• _EXERCISE_
Will you output all of the data below exactly, omitting the images?

• _AVAILABLE DATA_
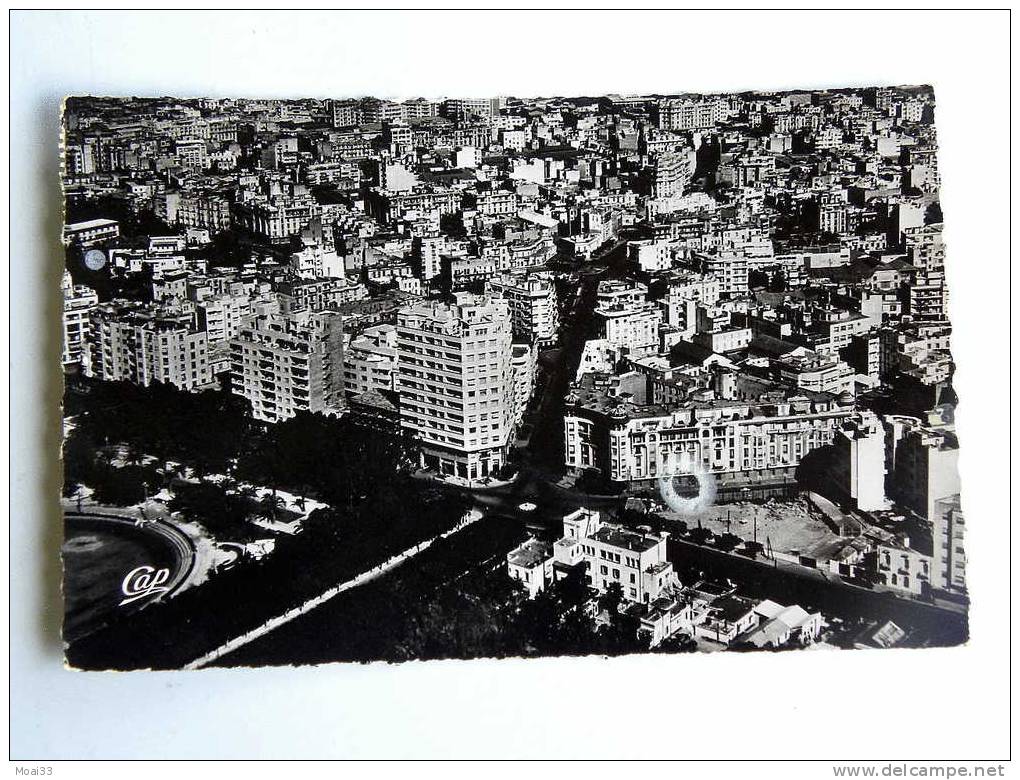 Carte Postale  Ancienne : CASABLANCA : Rond-Point De L' Avenue D' Amade Et Rue Reitzer - Casablanca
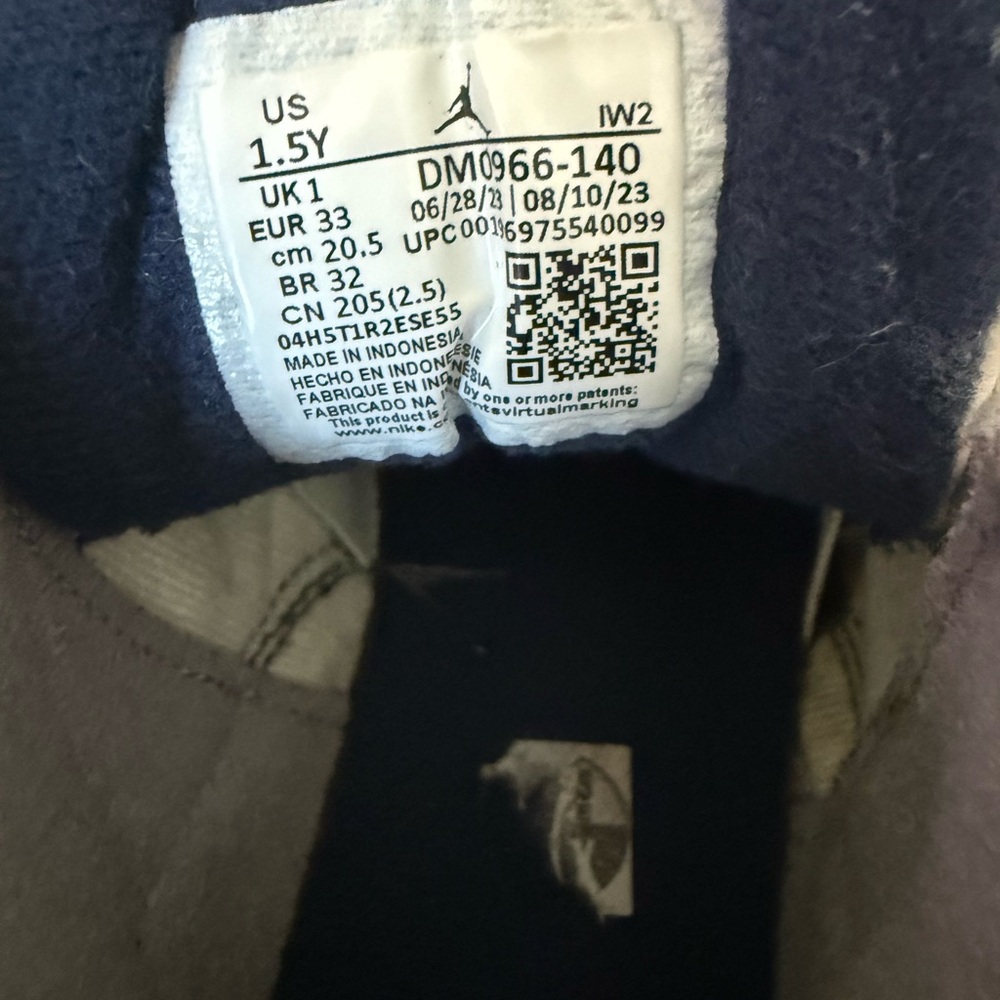 Jordan 3 Retro Kids White and Blue Sneakers - Picture 3 of 5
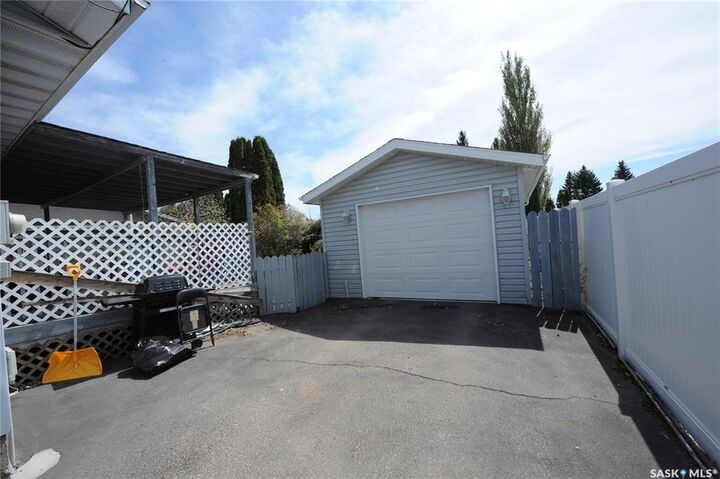 Property Photo:  571 Pendygrasse Road  SK S7M 5P6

• _TASK ANSWER_
 Carte Postale  Ancienne : CASABLANCA : Rond-Point De L' Avenue D' Amade Et Rue Reitzer - Casablanca
 Jordan 3 Retro Kids White and Blue Sneakers - Picture 3 of 5
 Property Photo:  571 Pendygrasse Road  SK S7M 5P6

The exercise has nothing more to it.